Mong Rithy, president of the Mong Rithy Group Co. and a senator from the Cambodian People’s Party, plans to turn the remote area of Samrong Tong, in Kompong Speu province, into a tourist attraction by building roads there.
“These roads that our company is building are for everyone’s use, and once the folks from the city of Phnom Penh learn that they can access the mountaintop in this area, they will come and visit,” he said.
Samrong Tong lies about 30 miles (48 kilometers) west of the Cambodian capital Phnom Penh.
Mong Rithy said his company has already spent U.S. $3 million building roads in the area with the aim of creating jobs and reforesting the area.
Residents of Samrong Tong and the surrounding area make a living mainly by refining the juice of sugar palm trees into sugar to make pastries for the market.
Mong Rithy, who used to collect and refine palm sugar juice during the Khmer Rouge era of the 1970’s, called the process unsustainable and said that residents would benefit from the introduction of a tourism economy in the region.

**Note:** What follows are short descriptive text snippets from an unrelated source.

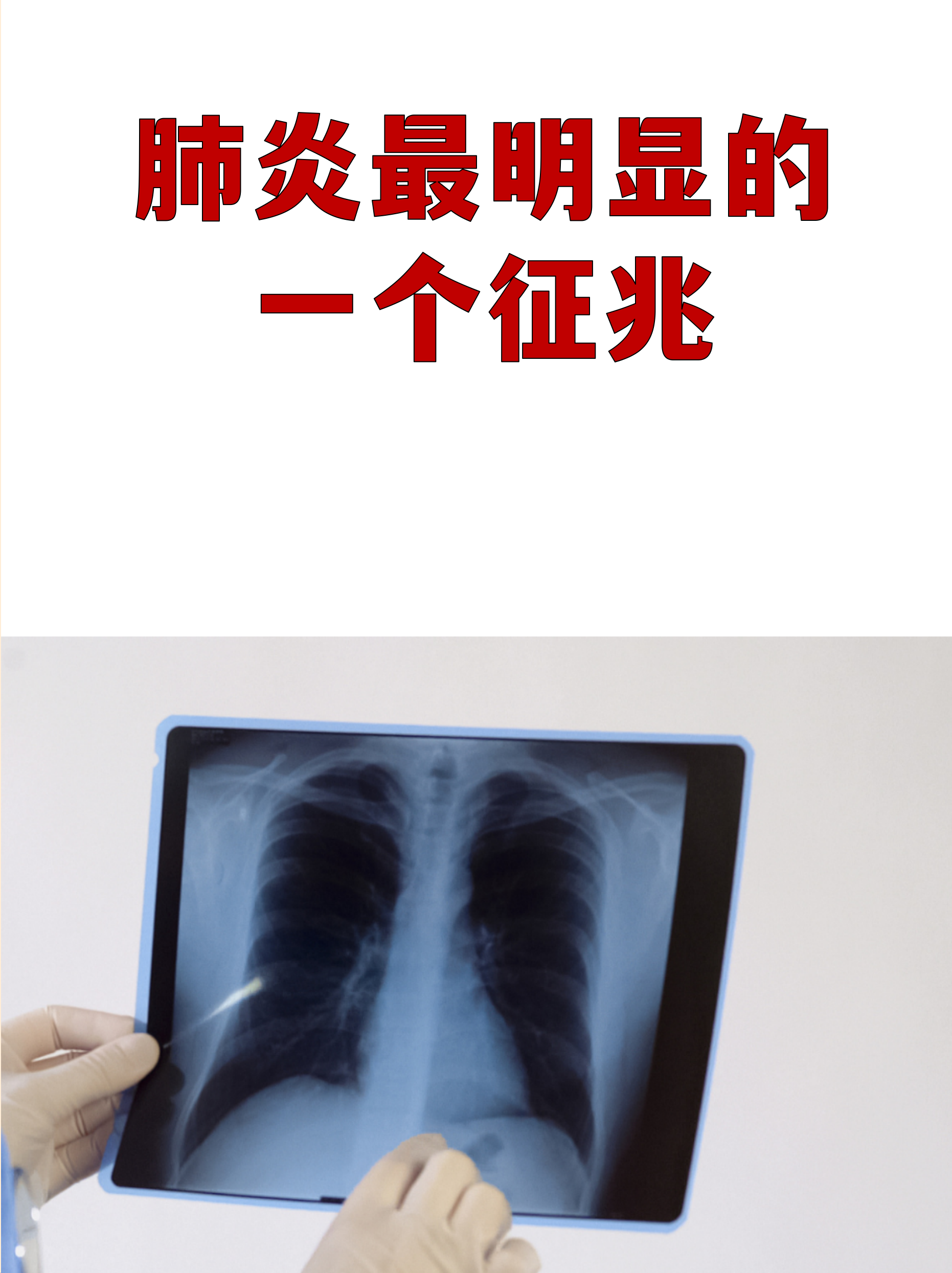 第2轮感染高峰预测.新冠疫情二次感染-第1张图片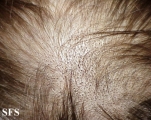 tinea capitis
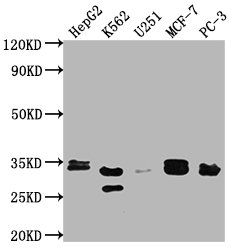 RPIA Antibody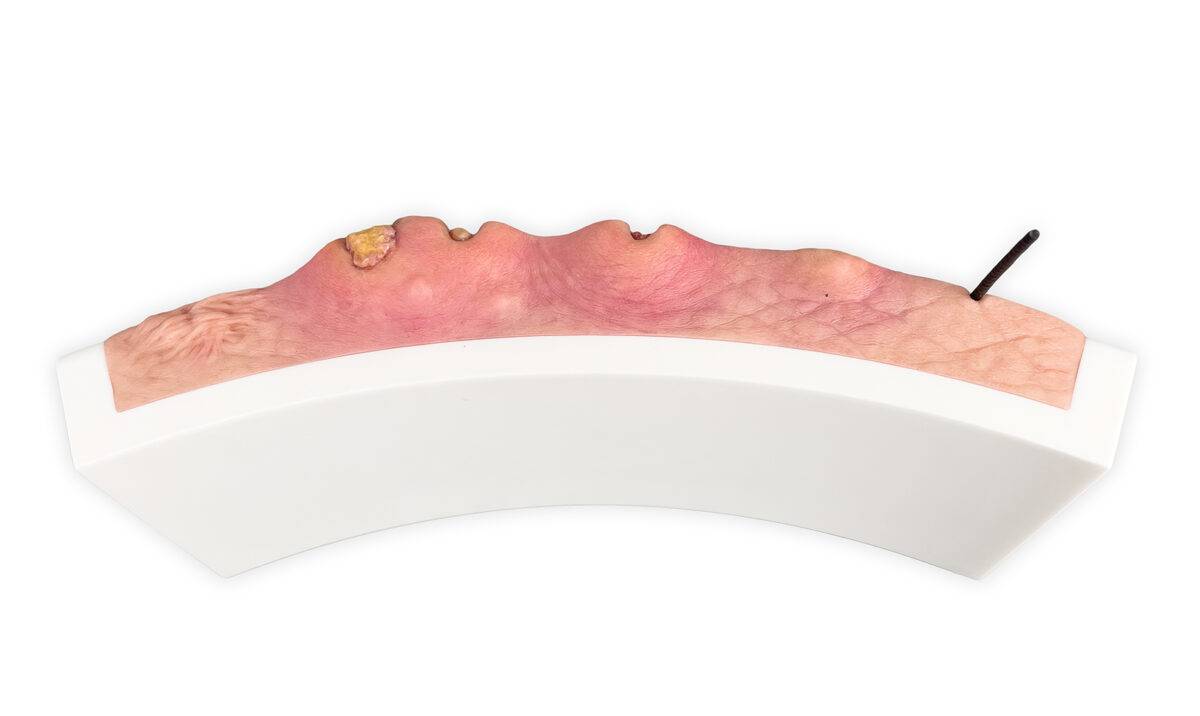 Das „Rahmenmodell Hidradenitis Suppurativa (gebogener Querschnitt)“ von MEDICAL FX Germany veranschaulicht den typischen Verlauf der chronisch-entzündlichen Hauterkrankung Hidrade…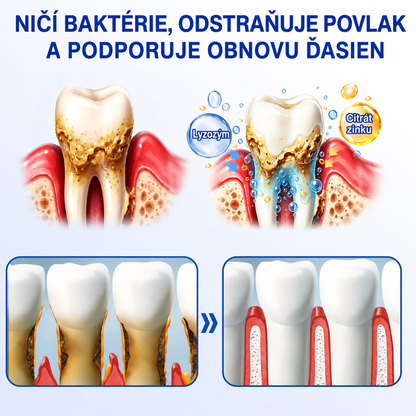 👨‍⚕️🦷 Evolvion® GumRevive – regeneračný gél na parodont🎁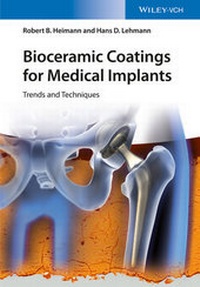 Abbildung von: Bioceramic Coatings for Medical Implants - Wiley-VCH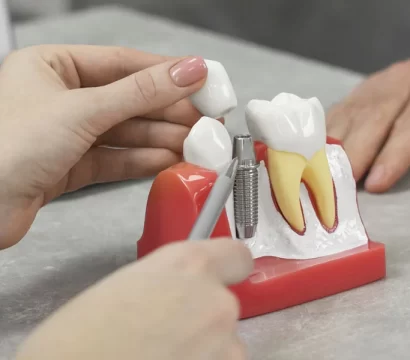 Why Full Mouth Dental Implants Are the Best Long-Term Solution in Ellicott City, MD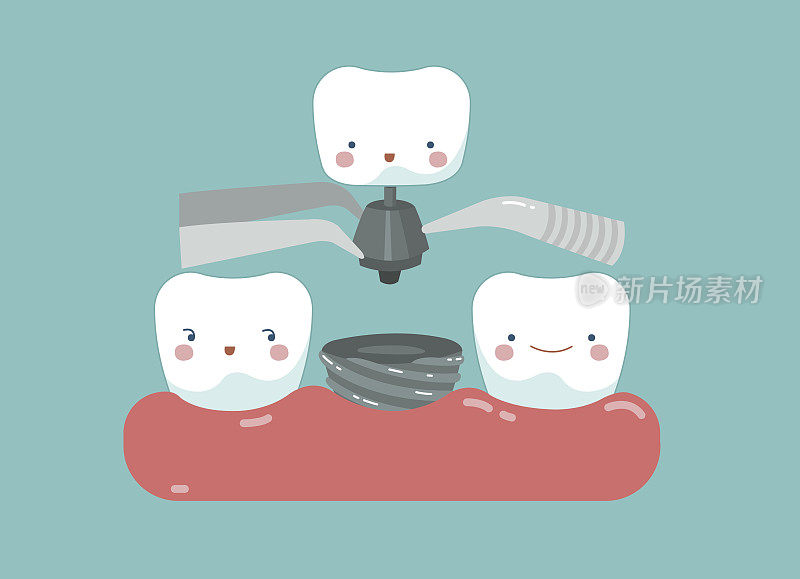 牙种植、牙和牙的概念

Villagers cut the palm shoots of the borassus flabellifer, also known as the sugar palm, and collect the juice in hanging pots.
“I want them to stop [this] practice, because when they make their living this way, they have to cut down trees to use as firewood so that they can turn palm juice into sugar,” he said.

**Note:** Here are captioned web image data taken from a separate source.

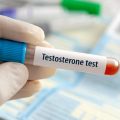 La testostérone : effet sur la santé féminine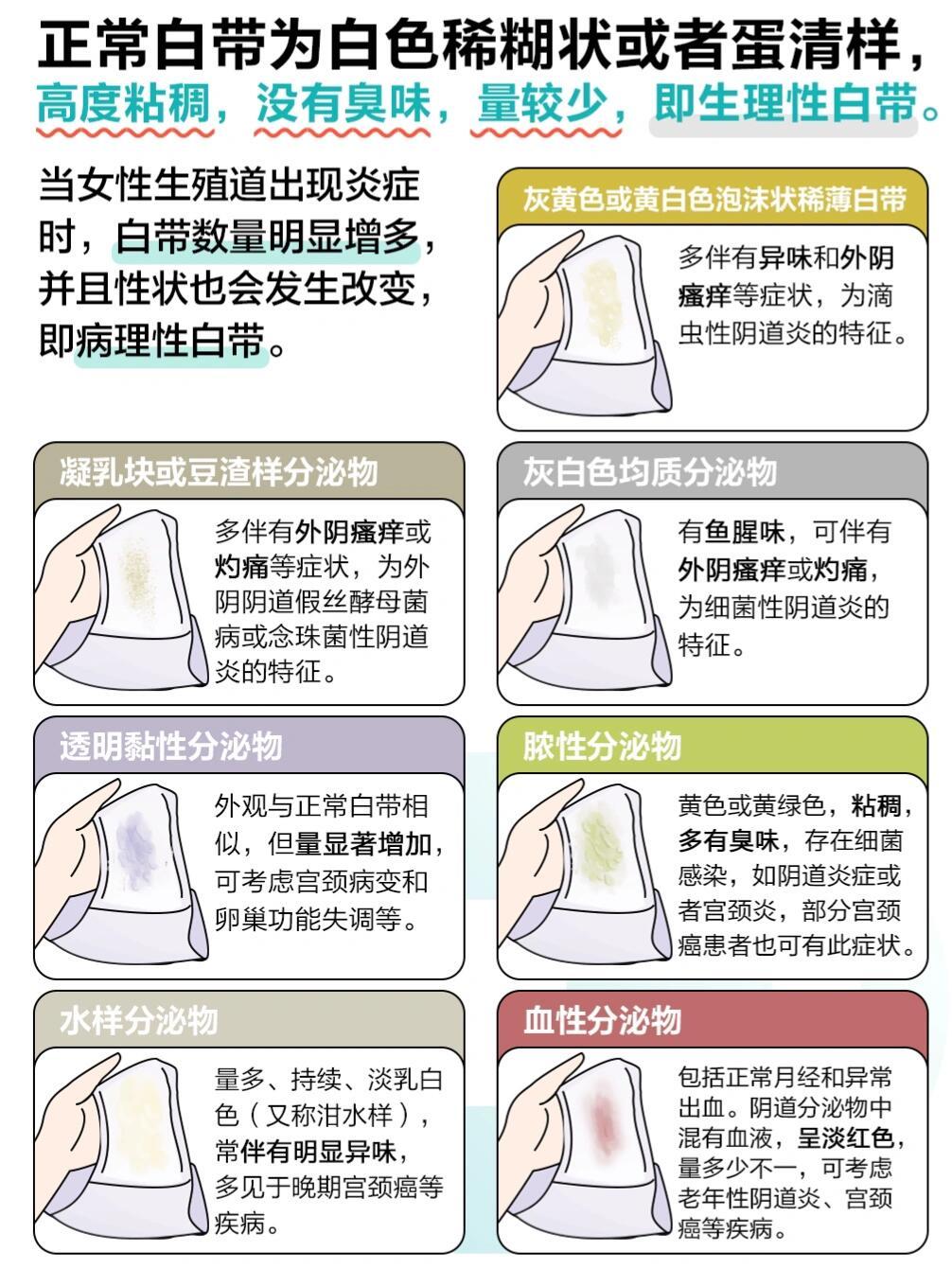 靳秀敏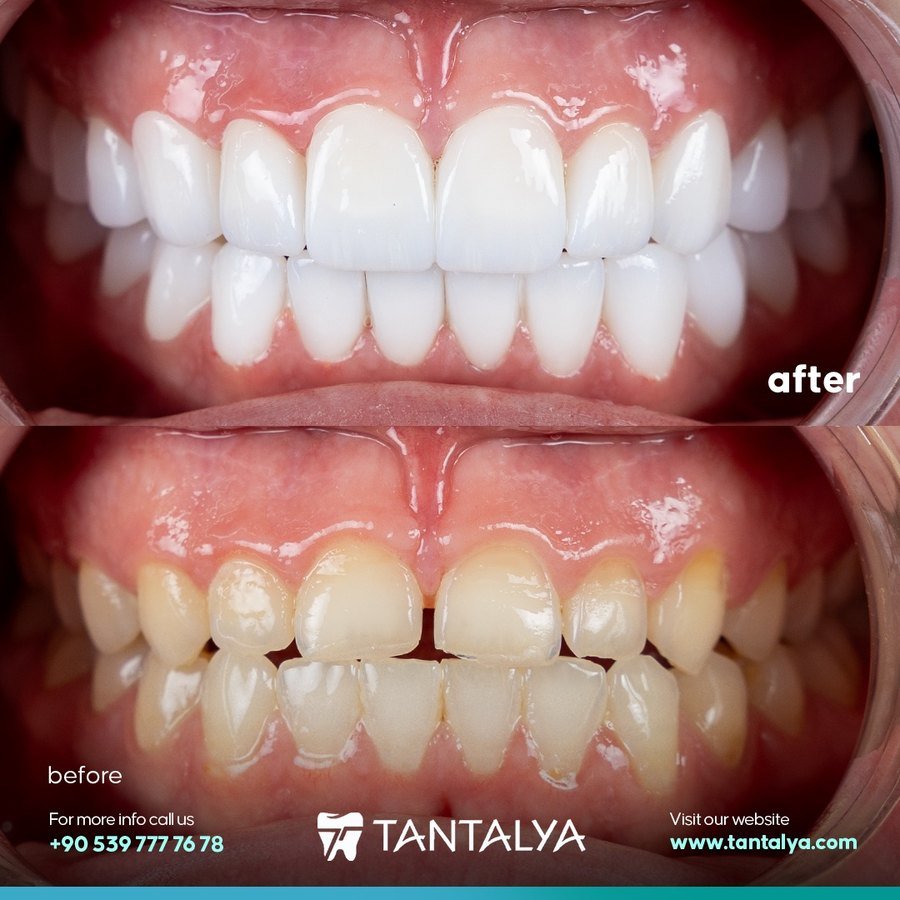 E-max veneers case — diastema closure with full smile reshaping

Other methods of earning income widely practiced by the hundreds of families who live in the area include logging and rice farming.
“You all can see by the places where I stopped people from felling trees for firewood during the last two years … how much forest we can save. In order to stop residents from their old practice, we need to create jobs for them.”
Concession plans
Mong Rithy said he also intends to turn up to 300 hectares (740 acres) of the mountain area he was granted in a concession into ranches to raise animals, corn farms, and retirement homes for Japanese and Korean senior citizens.

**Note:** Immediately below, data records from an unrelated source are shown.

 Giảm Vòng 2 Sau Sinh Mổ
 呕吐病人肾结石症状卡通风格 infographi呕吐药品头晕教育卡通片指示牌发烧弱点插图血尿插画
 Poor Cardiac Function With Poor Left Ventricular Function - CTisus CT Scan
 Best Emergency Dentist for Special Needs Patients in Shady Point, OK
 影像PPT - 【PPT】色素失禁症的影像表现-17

The top of the mountain will host a resort which he believes will draw more tourists to the area. He plans to invest at least U.S. $10 million in the tourism infrastructure and said he expects to recuperate part of that investment after five years of operation.
The investment, he said, will bring new jobs and income to the hundreds of peasant families that reside in the area.
“I’ve said all along that investors should put more of their capital into rural areas, instead of flocking to the capital or to big cities like Phnom Penh and Siem Reap to build factories there, which makes urban areas more and more crowded,” he said.
“Why don’t they come and invest in the rural areas like me? This way, people in the rural areas will have work to do. With just this project alone, I can create about 100 new jobs.”
Since the beginning of the global financial crisis, which peaked at the end of 2008, several investors have pulled out of Cambodia, while local investors have been loath to take risks.
But recent reports show that economic growth in Cambodia has bounced back to five percent in 2010 from less than one percent a year ago, on the back of the expanding tourism, agricultural, and garment industries.
Chan Sophal, president of the Association of Cambodian Economists, said the investment climate in the country is finally beginning to show some positive growth and added that Mong Rithy’s project “is a positive sign for investors to look to the future.”
But he said that as the number of investments in Cambodia grows, it is essential to ensure that the country’s poor will benefit.
“Only the rich are getting richer,” he said.
Lack of transparency
While some observers applaud Mong Rithy’s plan for providing jobs to the local populace, others criticize his plan as opaque and say it is unclear whether his receipt of the land concession was completely legal.
Som Chhay, a parliamentarian from the opposition Sam Rainsy Party, said that concessions like the one granted to Mong Rithy make him “worry about the loss of public land in the future and investments that lack transparency.”
Uch Leng, a human rights activist with the Cambodia Human Rights and Development Organization (ADHOC), said Mong Rithy was granted other large concessions by the government in Kompong Som and Steung Treng provinces in a similar manner.
“The way that Mong Rithy was granted the land is not transparent because it was not published for the public. He just went to see the land and then signed with the government secretly for the investment,” he said.
Other critics have accused Mong Rithy of trying to make the mountain his own private possession, depriving the residents who rely on the area’s natural products of their livelihood.
Reported by Kim Peou for RFA’s Khmer service. Written in English by Joshua Lipes.